Writing for AllMusic (which gave the album 4.5 stars out of five), Steve Schnee posted that this album "is as close as you're going to get to a perfect commercial pop album." He offers the opinion that nearly every song could have been a hit and points specifically to (If We Just) Stick Together as one that should have been a huge one. He also noted the split among power pop enthusiasts as to which album was the best release by the group at that point. In his opinion this album was more consistent and confident. The album made an appearance in Billboard's Top Single Picks column on July 3, 1982, noting that ". . . Hawks is capable of producing some haunting melodies as on the Beatlesesque Listen to Her Sing and can also rock with the best of them." The album appeared the next week in Billboard's Recommended LPs column, making mention of their teaming with John Ryan. For whatever reason, this sophomore effort did not receive the same push from Columbia as the debut release.

== Beyond 1982 ==

Hawks had a chance to tour in support of the second album, but chose instead to concentrate on a third album for Columbia, which was never released due to the group being dropped from the label. During that period the group were involved in some limited live performance. They had opened for Joan Jett and had also appeared with Head East in concert.

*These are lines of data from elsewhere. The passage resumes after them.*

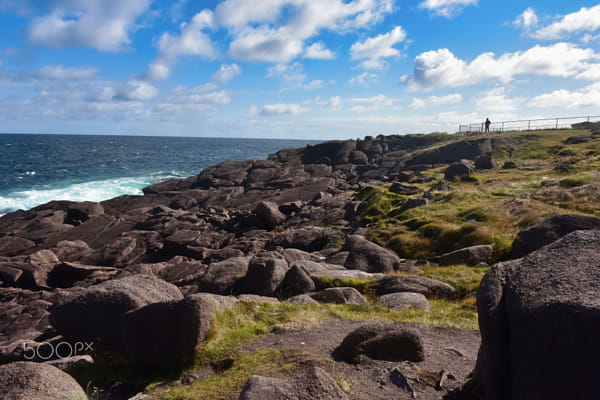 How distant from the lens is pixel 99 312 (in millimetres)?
10070

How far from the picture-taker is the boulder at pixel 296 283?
14758mm

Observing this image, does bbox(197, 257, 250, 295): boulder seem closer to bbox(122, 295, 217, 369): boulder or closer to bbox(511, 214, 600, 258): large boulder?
bbox(122, 295, 217, 369): boulder

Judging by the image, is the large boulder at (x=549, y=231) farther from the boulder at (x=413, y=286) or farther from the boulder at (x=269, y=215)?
the boulder at (x=269, y=215)

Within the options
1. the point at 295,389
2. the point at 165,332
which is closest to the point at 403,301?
the point at 165,332

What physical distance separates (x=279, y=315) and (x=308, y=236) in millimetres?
16096

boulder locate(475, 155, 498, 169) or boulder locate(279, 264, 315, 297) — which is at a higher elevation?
boulder locate(475, 155, 498, 169)

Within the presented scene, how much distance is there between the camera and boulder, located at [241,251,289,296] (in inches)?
585

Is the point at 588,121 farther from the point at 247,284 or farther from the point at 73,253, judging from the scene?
the point at 73,253

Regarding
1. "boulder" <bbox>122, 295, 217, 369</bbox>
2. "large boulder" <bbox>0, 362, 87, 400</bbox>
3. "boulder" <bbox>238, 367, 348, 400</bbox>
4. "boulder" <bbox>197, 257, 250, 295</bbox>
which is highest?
"boulder" <bbox>238, 367, 348, 400</bbox>

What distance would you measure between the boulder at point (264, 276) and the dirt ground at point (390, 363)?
502cm

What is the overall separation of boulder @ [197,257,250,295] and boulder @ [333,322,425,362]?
9.04m

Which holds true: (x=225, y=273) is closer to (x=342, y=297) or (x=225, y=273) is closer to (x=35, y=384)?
(x=342, y=297)

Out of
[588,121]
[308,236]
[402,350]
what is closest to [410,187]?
[308,236]

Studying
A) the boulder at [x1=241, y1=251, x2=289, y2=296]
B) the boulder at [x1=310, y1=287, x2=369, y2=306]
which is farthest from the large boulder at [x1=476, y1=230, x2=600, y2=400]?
the boulder at [x1=241, y1=251, x2=289, y2=296]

The purposed third album was to be more of a concept album, according to Kaufman. The band had planned to continue recording at West Minist’r as opposed to a studio in LA or New York as there were fewer distractions in Otho.
A cassette-only release − Hawks III − was put out on the Junior’s Motel label (JR-2). Perfect World Radio, perhaps a more official third album, was released on August 27, 2003 by Not Lame Recordings. While this CD is currently out of print, the music can be accessed at iTunes. This contained almost all the songs from Hawks III missing only Streets Are Dancing, When It All Comes Down and Somebody’s Gonna Cry, adding additional songs not on the cassette release (see discography). On the whole, Gary Glauber, writing for PopMatters, declared PWR to be "a delightful showcase of their talents as pop songwriters". Matt Collar, writing on this album at AllMusic, gave the album 4.5 stars out of 5, and echoed his colleague's sentiments in the earlier review of Hawks, opining that the band was "too quirky and intelligent for mainstream radio and conversely too slick for the underground of college rock." He also notes that the band participated in the compilation of this album.

In 2007 Hawks was inducted into the Iowa Rock and Roll Hall of Fame.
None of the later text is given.